From rural communities to city streets, open spaces and parklands dot the American landscape. Trails remain the number-one way to connect these public assets together, so that open spaces can be accessed by means other than the automobile. The challenge is that many city planning efforts largely have failed to produce alternative means of transportation between open spaces, leaving the growing legion of walkers and bikers disenchanted.

In recent years, however, prompted as much by America's growing obesity epidemic as a growing social movement to detach from the automobile, city planners have worked to rectify the problem with a linked network of greenways, civic corridors and streets that connect public open spaces, neighborhoods and destinations.

Common solutions include: striping streets with lane lines exclusively for bike use; granting space on public rights-of-way, such as narrowing sidewalks to create a side trail; or developing trails by way of the utility easements that run through many communities.
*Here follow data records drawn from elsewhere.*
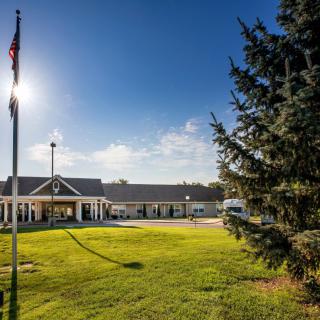 A sunny day with a building and flagpole in the background, surrounded by a lush green lawn and trees.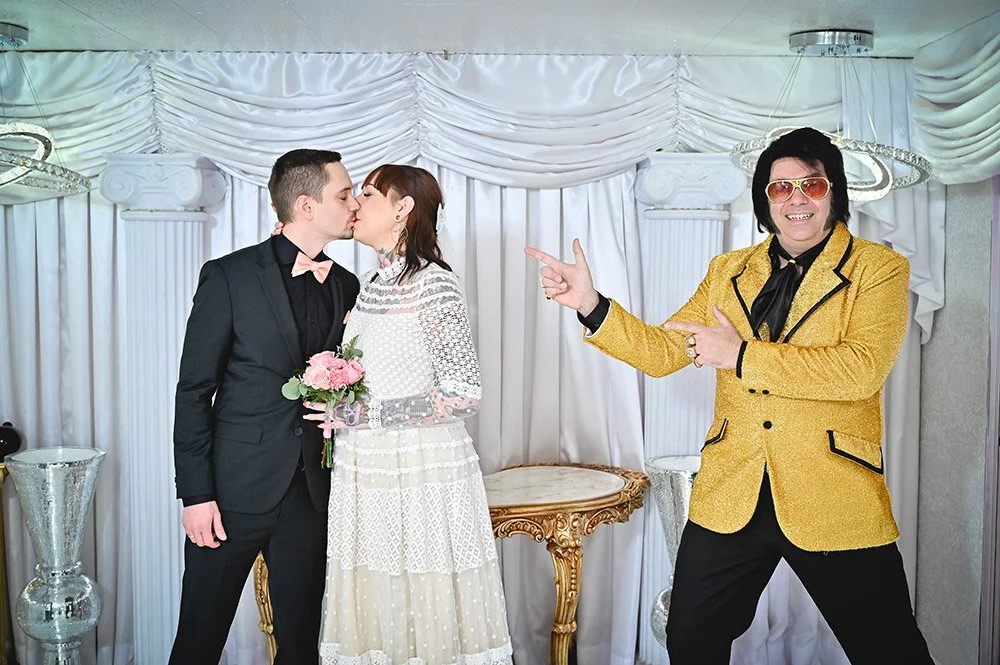 An Elvis impersonator motions to newly married couple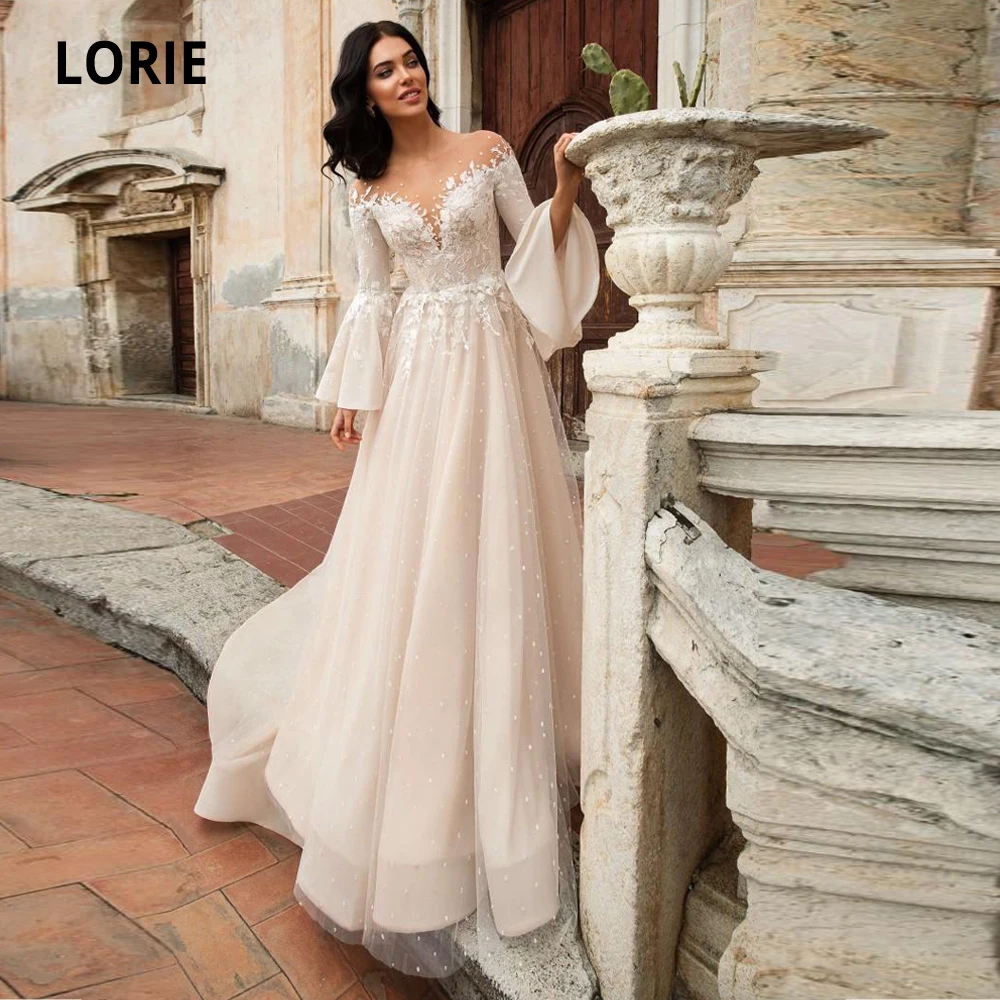 LORIE Blush Pink Wedding Dresses Boho Lace Long Flare Sleeve Appliqued Lace Beach Bridal Gowns Plus Size 2020 Open Back Gown
LORIE Blush Pink Wedding Dresses Boho Lace Long Flare Sleeve Appliqued Lace Beach Bridal Gowns Plus Size 2020 Open Back Gown
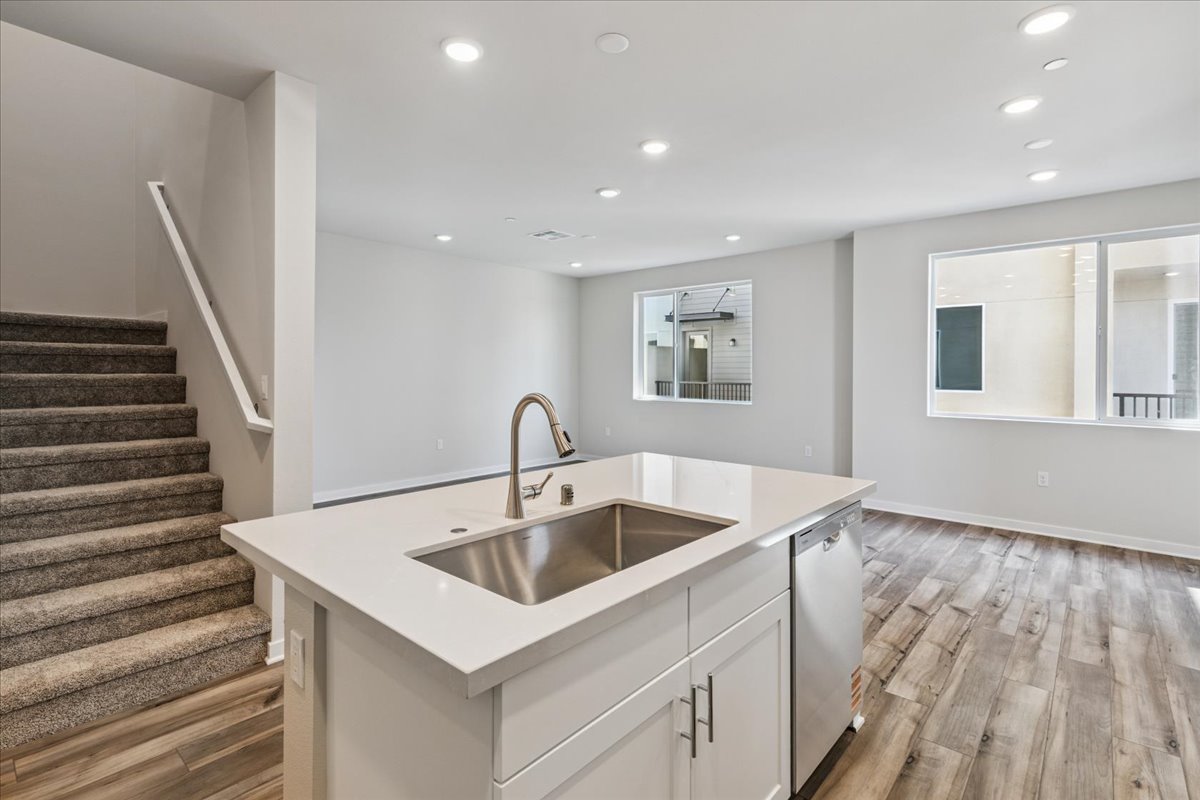 A kitchen with a sink and a staircase.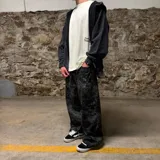 Pantalón super baggy con estampado camuflado en tonos grises y negros.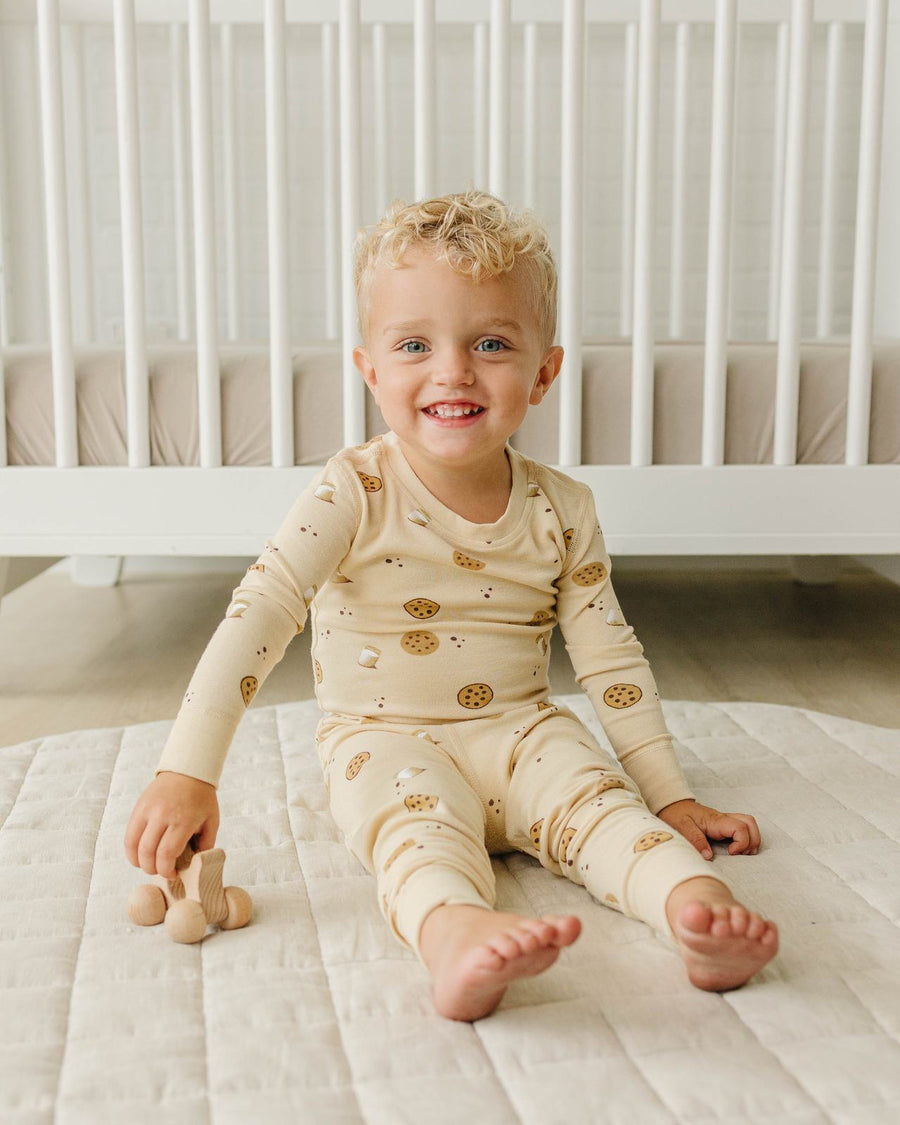 Toddler sitting by his crib in Cookies pajamas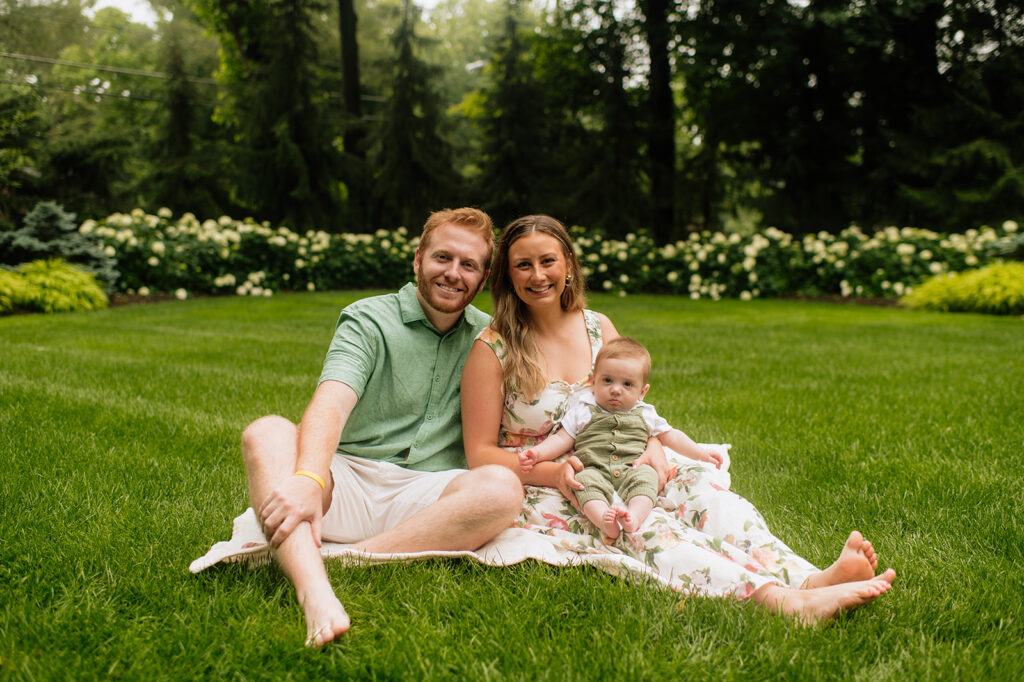 Mother and father sitting in the grass with their baby during their Lake Michigan family photos at their lake home in Holland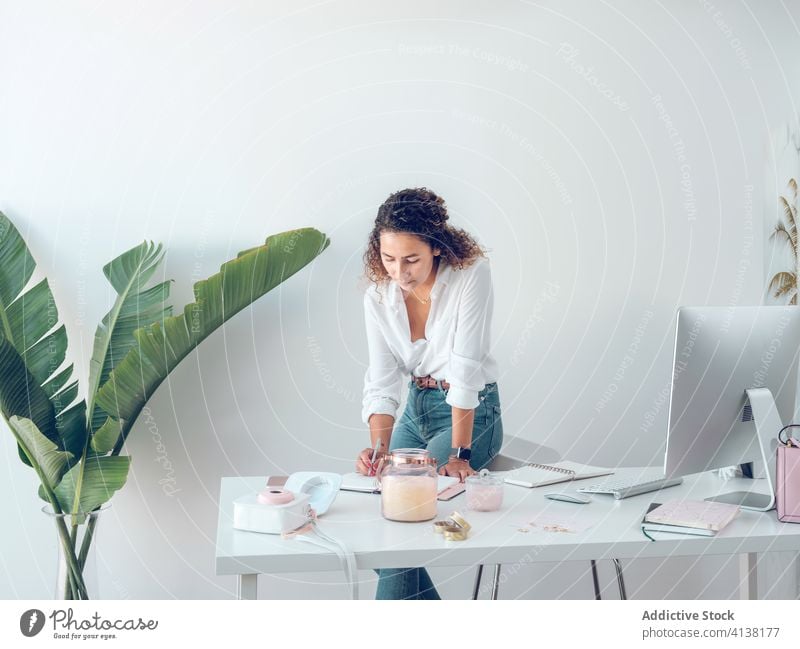 Geschäftsfrau macht Notizen im Amt Frau schreibend Notebook Büro Business Lächeln Arbeit Tisch Lehnen palma de mallorca Spanien Stil elegant Daten Design Dekor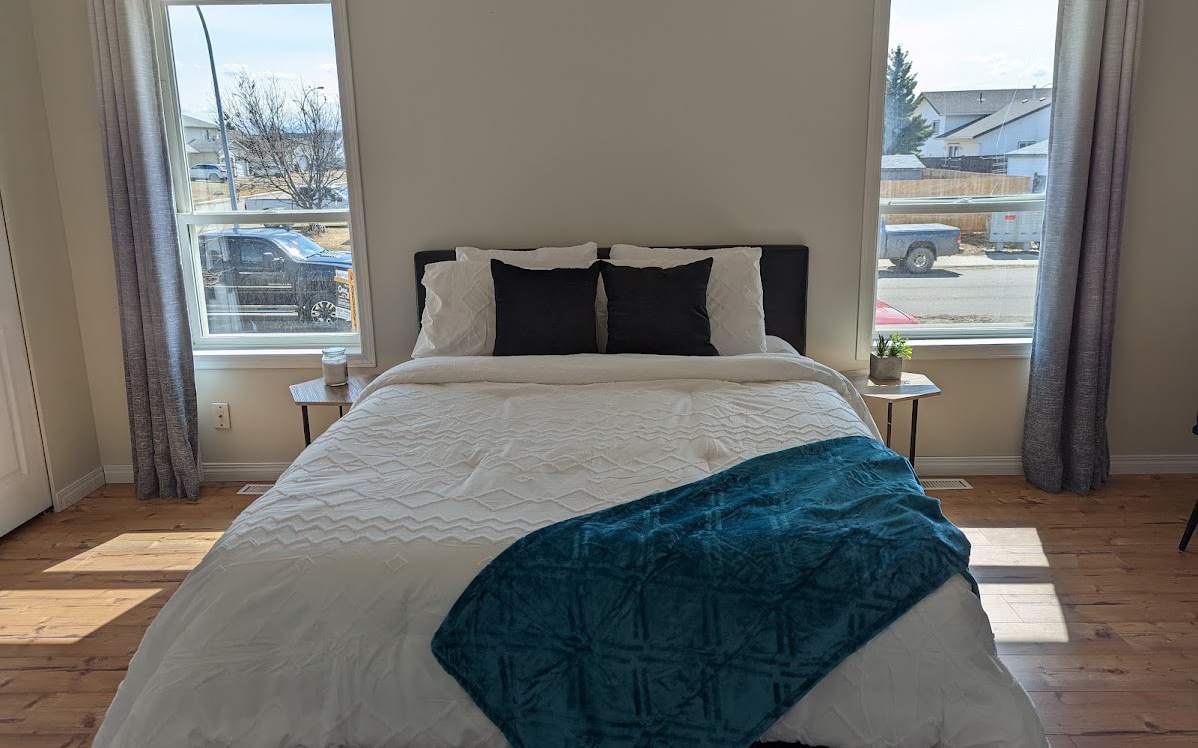 Home staging in Fort St John, modern and inviting master bedroom staged by Hint of Honey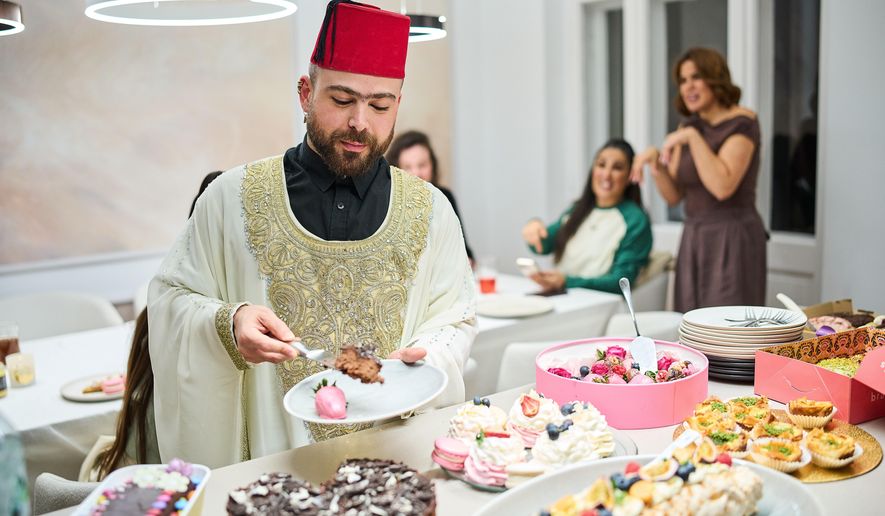 Haidar Darwish, a belly dancer and artist who came from Syria, attends an inclusive Iftar, the Ramadan fast-breaking meal, with friends who are Muslim, Christian, queer and straight, in Berlin, Germany, Wednesday, March 11, 2026. (AP Photo/Ebrahim Noroozi)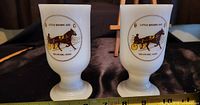 Pair of white milk glass mugs with colored Little Brown Jug Delaware Ohio racing logos on front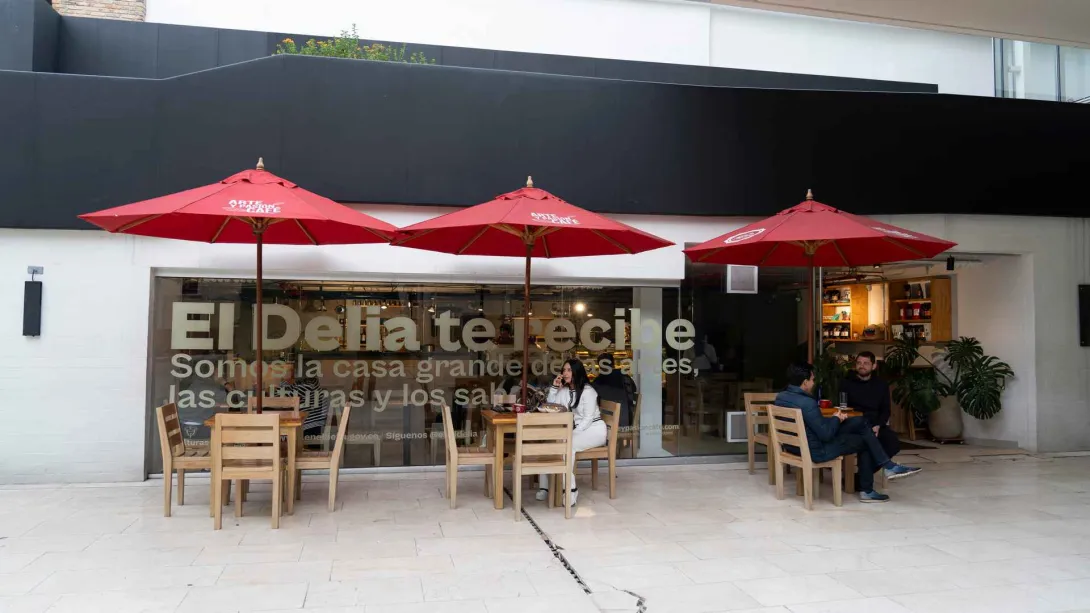 Terraza exterior con sombrillas rojas de Arte y Pasión Café, mesas de madera y clientes compartiendo afuera. 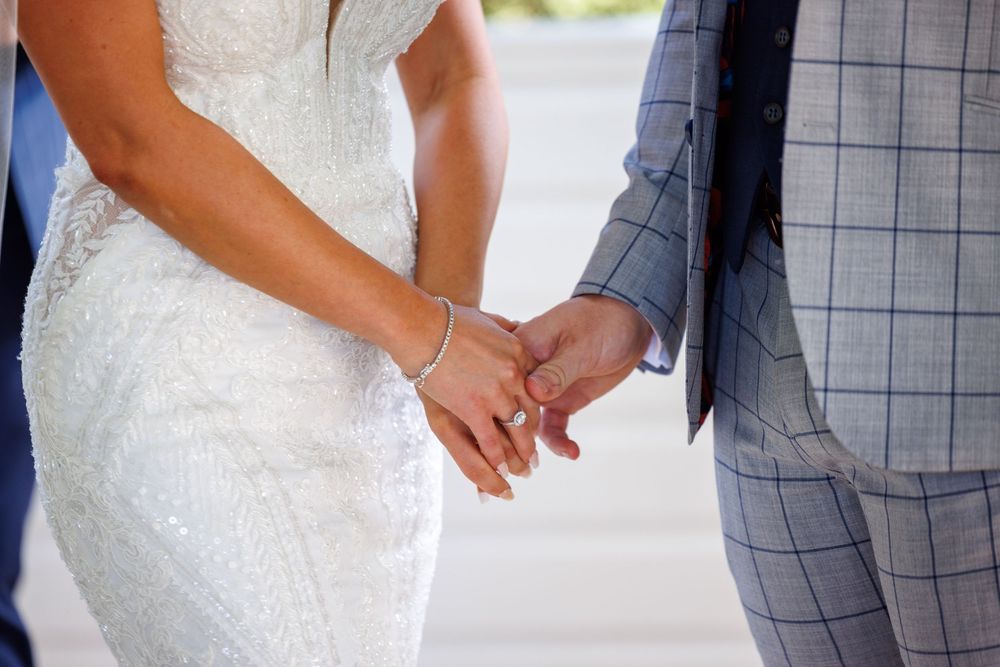 Bride and groom holding hands, wedding rings visible, bride in lace dress and groom in blue plaid suit.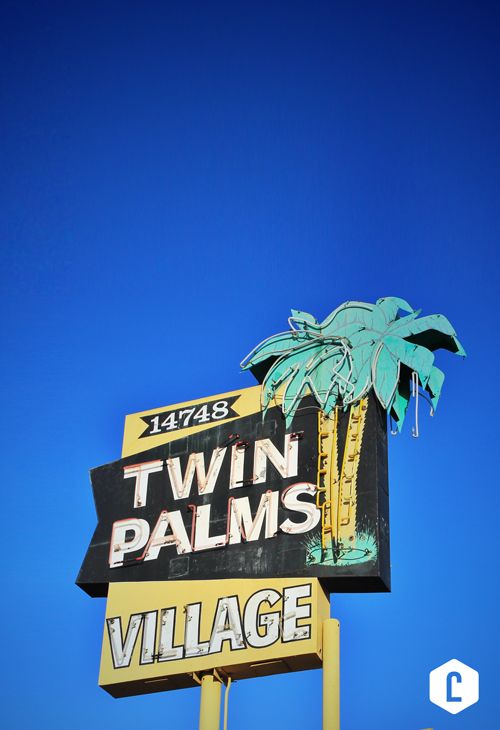 a sign for twin palms village in front of a blue sky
In all cases, trails should serve as safe traveling zones, and should include lighting, shelters or seating, and clear signage that identifies designated use.

The creation of such trails, according to Scott Crawford of RDG Planning and Design, offers alternative transportation methods, promotes active lifestyles, and encourages positive social and cultural human experiences.

"Trails are critical to the ultimate success of a parks and open space system by providing a safe and accessible link between humans and the natural environment and connection between areas of human destination," he added.